• PROBLEM: Where in the data below does the word "White" appear? Copy every line that has it.

• THE DATA:

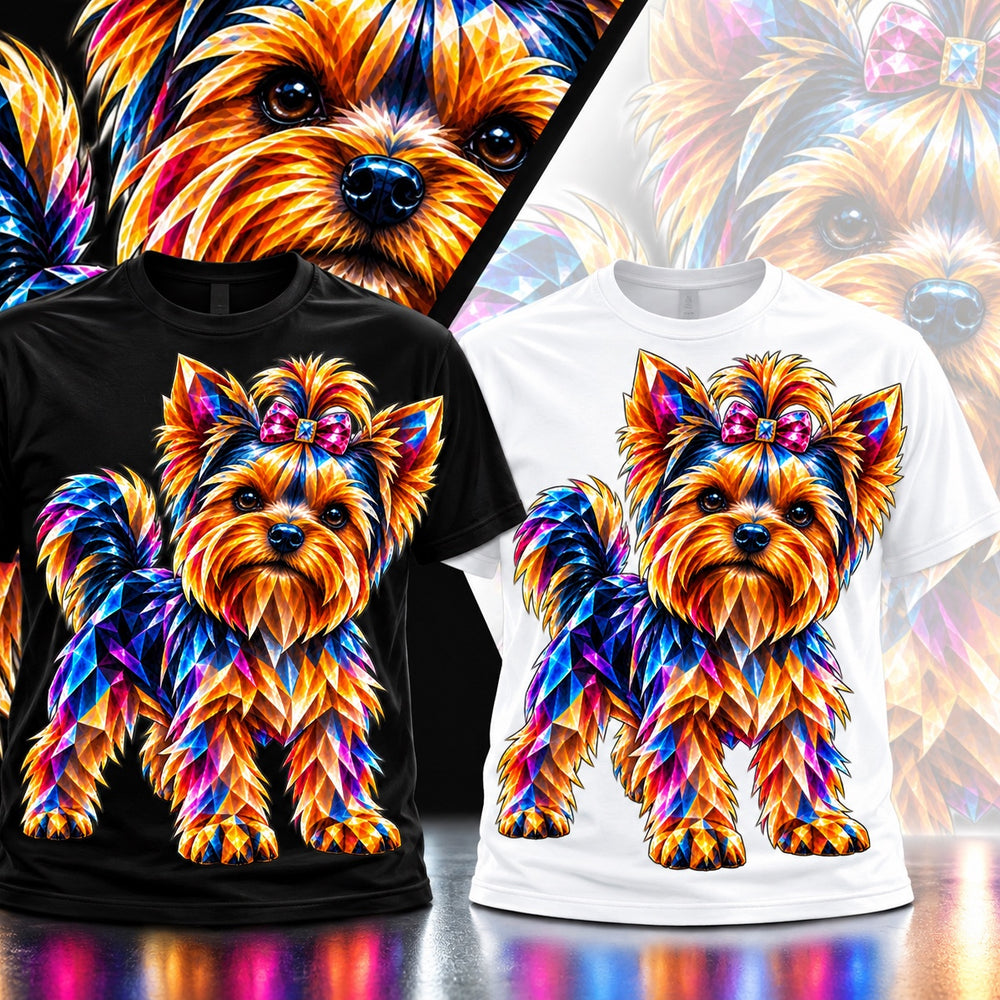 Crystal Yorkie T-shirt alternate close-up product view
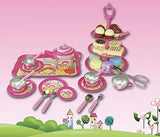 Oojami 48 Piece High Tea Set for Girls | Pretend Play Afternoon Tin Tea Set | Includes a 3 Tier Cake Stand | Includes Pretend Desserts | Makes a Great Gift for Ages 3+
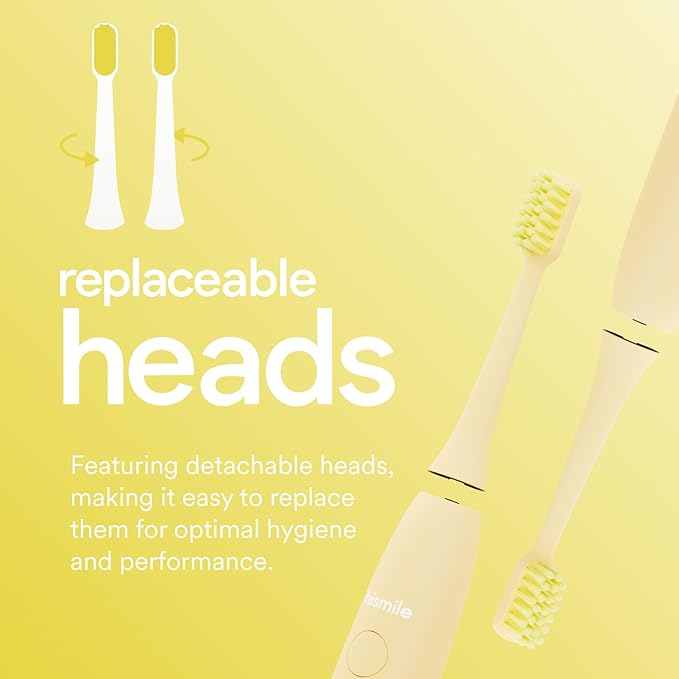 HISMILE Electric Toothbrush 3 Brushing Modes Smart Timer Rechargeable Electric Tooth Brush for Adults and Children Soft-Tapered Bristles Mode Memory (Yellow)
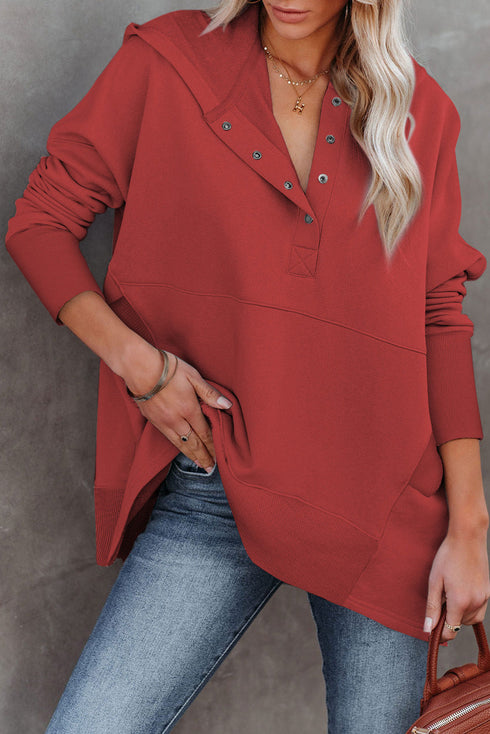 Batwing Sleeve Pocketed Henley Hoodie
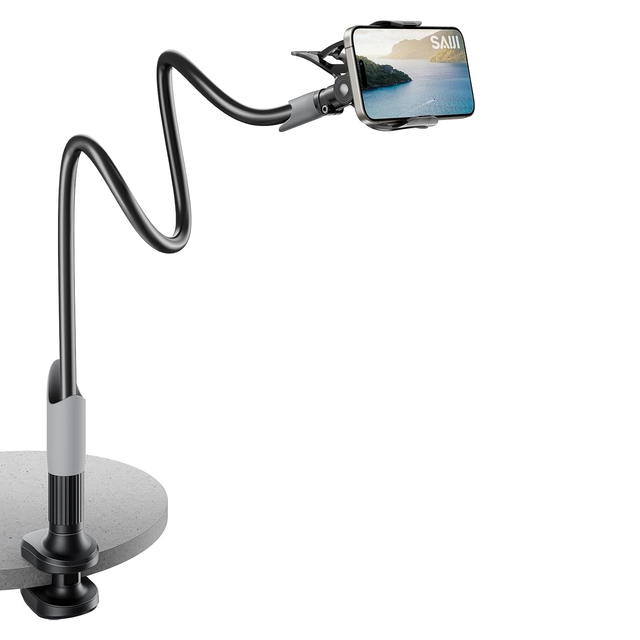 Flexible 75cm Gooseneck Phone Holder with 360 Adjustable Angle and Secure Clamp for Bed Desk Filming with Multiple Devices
...
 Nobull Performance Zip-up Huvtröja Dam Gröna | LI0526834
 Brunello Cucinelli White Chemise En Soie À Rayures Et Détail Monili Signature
...
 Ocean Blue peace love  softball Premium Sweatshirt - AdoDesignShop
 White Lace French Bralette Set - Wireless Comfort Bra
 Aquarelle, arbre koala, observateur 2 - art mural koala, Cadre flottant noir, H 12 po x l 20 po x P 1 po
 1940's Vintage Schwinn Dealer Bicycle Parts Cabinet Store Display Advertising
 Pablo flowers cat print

• SOLUTION FOR THIS TASK:
 Brunello Cucinelli White Chemise En Soie À Rayures Et Détail Monili Signature
 White Lace French Bralette Set - Wireless Comfort Bra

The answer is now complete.